Some states have regulations stricter than current federal standards
Per- and polyfluoroalkyl substances (PFAS) are on the minds of U.S. House of Representative lawmakers as they return to their districts during August recess.
According to Politico, Congress people are expected to face questions on PFAS chemicals in their home districts, particularly. In Michigan, strict regulations are under consideration.
Some lawmakers are pressing for a more aggressive drinking water limits as part of a legislative package to influence the annual defense bill negotiations in the fall, according to Politico. In the PFAS section on the National Defense Authorization Act there are no Safe Drinking Water Act provisions. However, language did focus on issues related to the Defense Department, such as ending the use of firefighting foam in the military.
According to Politico, Energy and Commerce Committee members are working to obtain broader legislation that would include drinking water limits.
States such as Michigan, Vermont, New Hampshire and New Jersey, all have taken steps to set drinking water limits for PFAS lower than the U.S. EPA’s current recommended limit.

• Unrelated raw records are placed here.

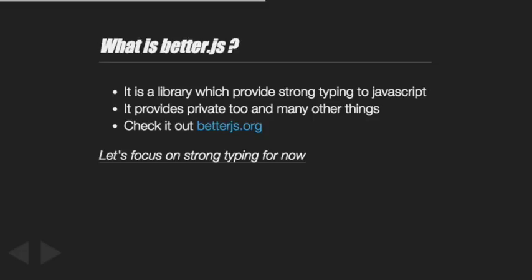So what is the role of better.js? It's a library I built previously to produce better JavaScript. It provides quite a few features, one of which is implementing strong typing and private visibility. When you specify the type of each property, each parameter, each return value, you're doing dynamic type checking, which is interesting for JavaScript.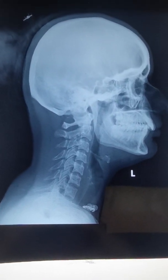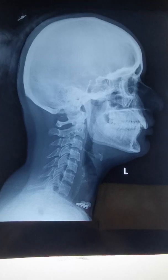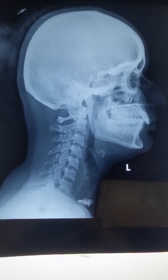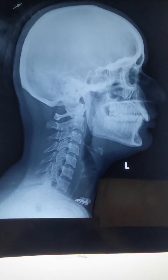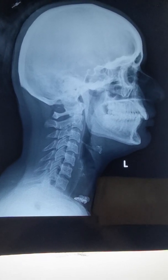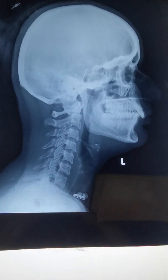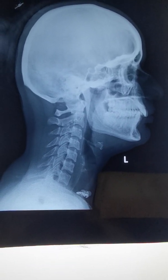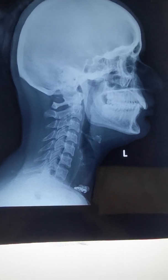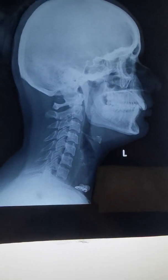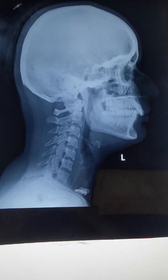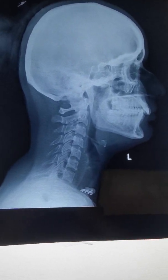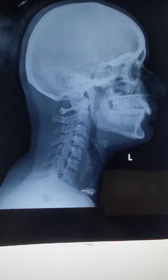Hello guys, today in this video we will discuss an x-ray which is also called a lateral cephalometric x-ray. As you can see here, there is a radiograph of a patient — the patient's name has been hidden because of confidentiality. This is a lateral cephalometric x-ray, or you can say a true lateral view.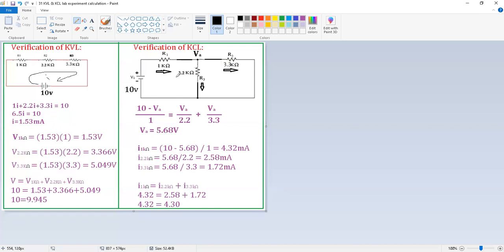In the case of KCL, the sum of currents entering a node is equal to the sum of currents leaving the same node. Here I am assuming this point as my node VA. The current through R1 is entering into node VA, while the currents through R3 and R2 are both leaving the node.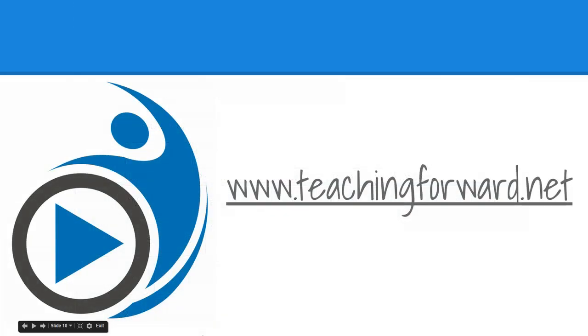I hope these tips for utilizing Classroom in its current capacity have helped you. Thanks for watching. For this and other tutorial videos, check us out online at teachingforward.net.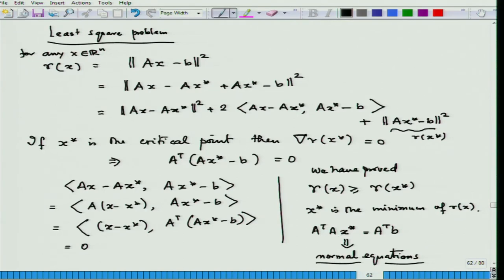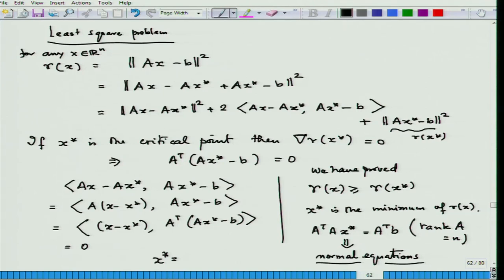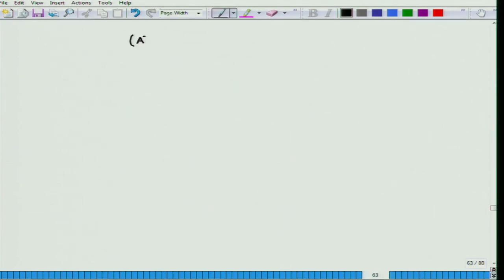Basically, to find an x-star which satisfies Ax-star equal to b, we have to solve an equation where x-star equals this expression — but this is only true when the rank of A is n, that is, A has full column rank, and m, the number of rows, has to be more than n. This expression, A-transpose times A inverse times A-transpose, is sometimes called the generalized inverse or pseudo-inverse of A.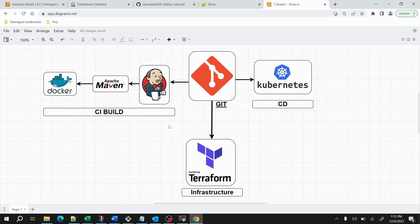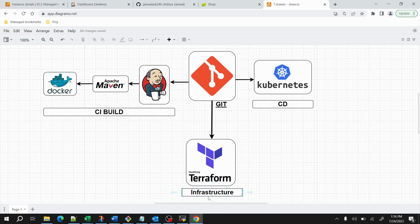I have created multiple repositories inside Git. One repository contains the source code for build and deployment — if I make any change in the source code, the CI build will automatically start and build the application. If I make any changes in the CD repository — the deployment file — those changes will be automatically updated on the Kubernetes server. Similarly, for infrastructure scripts, any changes pushed to the repository will automatically update the server side.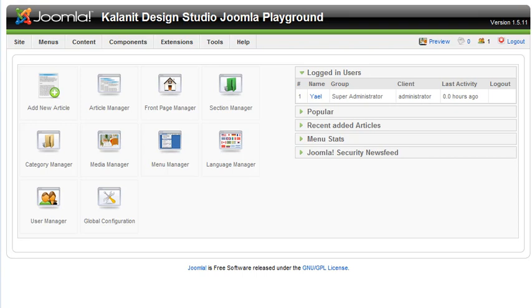For instance, you can set a user as an author or an editor, administrator, or super administrator. It all depends on what access you want to give each user. Once you've decided that, you can manage that in the user manager.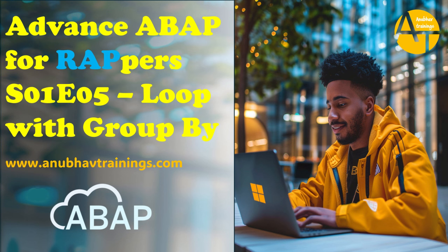Hello and welcome back everyone to the next episode on Advanced ABAP Training for Rappers. For those who are attending my RESTful Application Programming Training, this video series is specially designed for you ABAP developers. If you are working as a RAP developer and yet you are not comfortable with new ABAP syntax,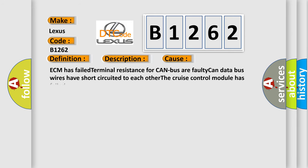This diagnostic error occurs most often in these cases: ECM has failed terminal resistance for CAN bus, faulty CAN data bus wires have short circuited to each other, or the cruise control module has failed.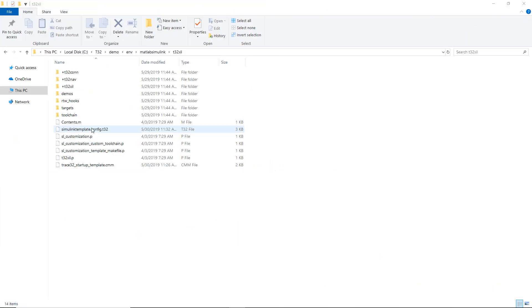The video is based on a demo project for a Texas Instruments RM57 processor, provided in the Trace32 installation directory. Please note that the demo projects are automatically installed with the Trace32 integration for Simulink.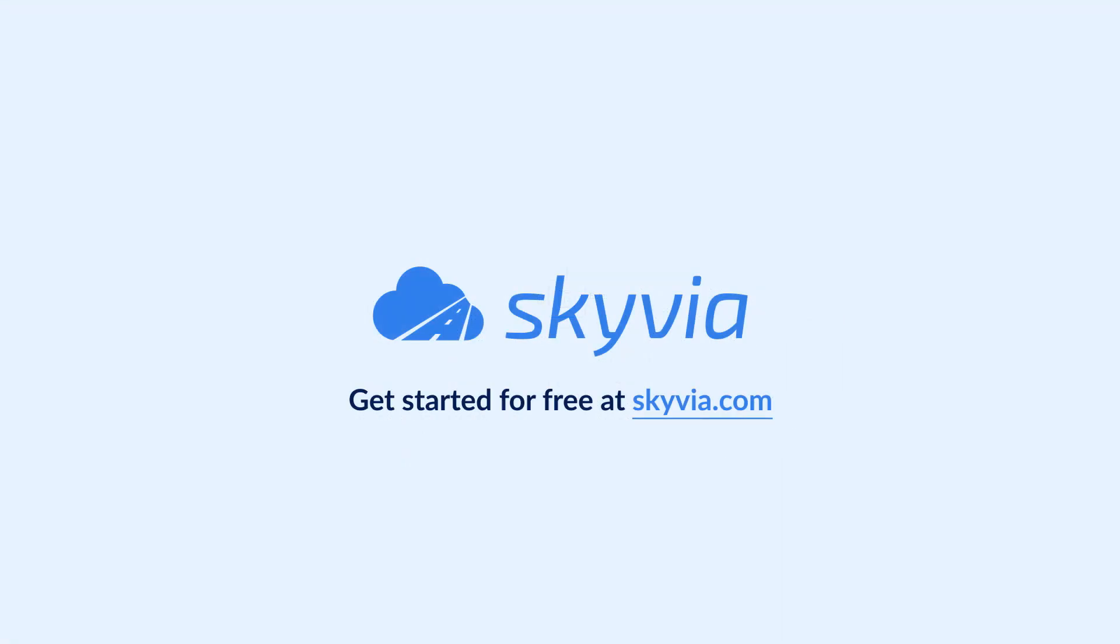Thank you for watching this BigQuery and Salesforce integration tutorial. If you have any additional questions, feel free to drop us a comment below and we will help you. To try Skyvia for free use the link in the description. See you in the next videos.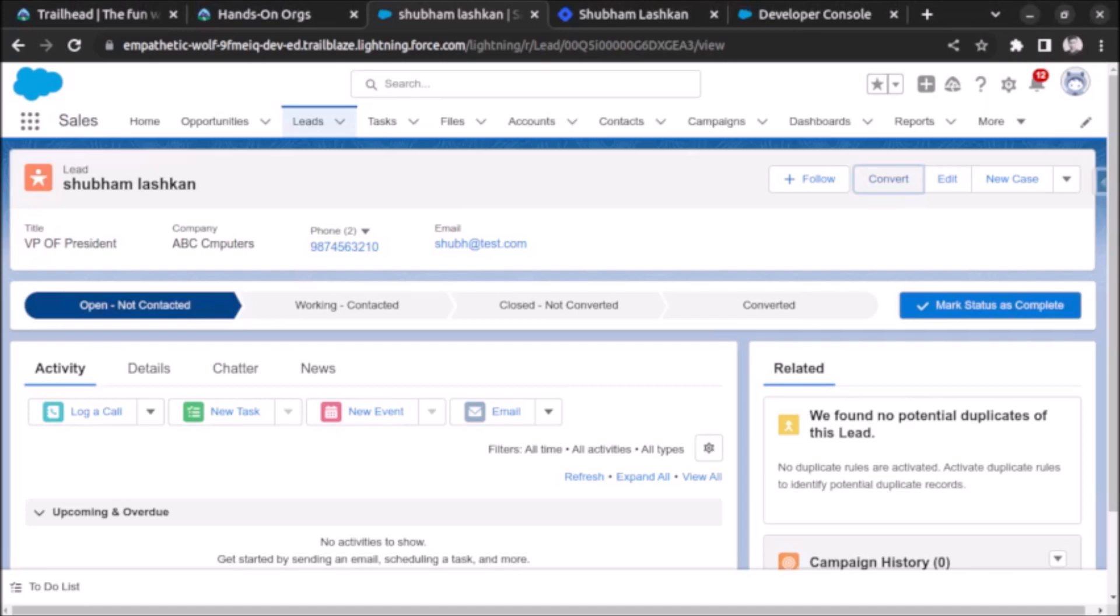Welcome back. In this video we will see how to convert a lead using Apex. First, let's understand what is lead conversion in Salesforce. A lead is a person or company which has shown interest in buying your product but haven't bought anything from you. A lead conversion is the process of converting the lead into a customer by creating a new account, contact, and optionally an opportunity record from the lead record.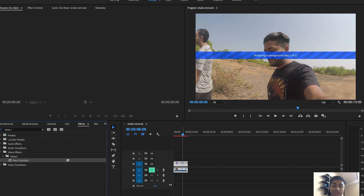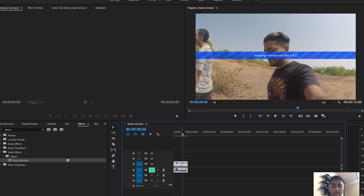Sometimes there are bad results and you won't be able to use those footages for your video. There are some side effects when using this tool because it crops your video and takes some part of the video to add stabilization. Sometimes there are bad effects like it blurs out some of the footage or sometimes your face, but most of the time it will work.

"Selfishly, I would say I wouldn't want the feds to move forward with a drinking water standard because I think we would get a much better outcome in Michigan from our process," said Charlotte Jameson, energy policy and legislative affairs director for the Michigan Environmental Council, an advocacy group, according to Politico. "That said, I know there are a number of states across the country that have PFAS issues that are not looking to promulgate a state rule and I don’t want to leave them in the lurch."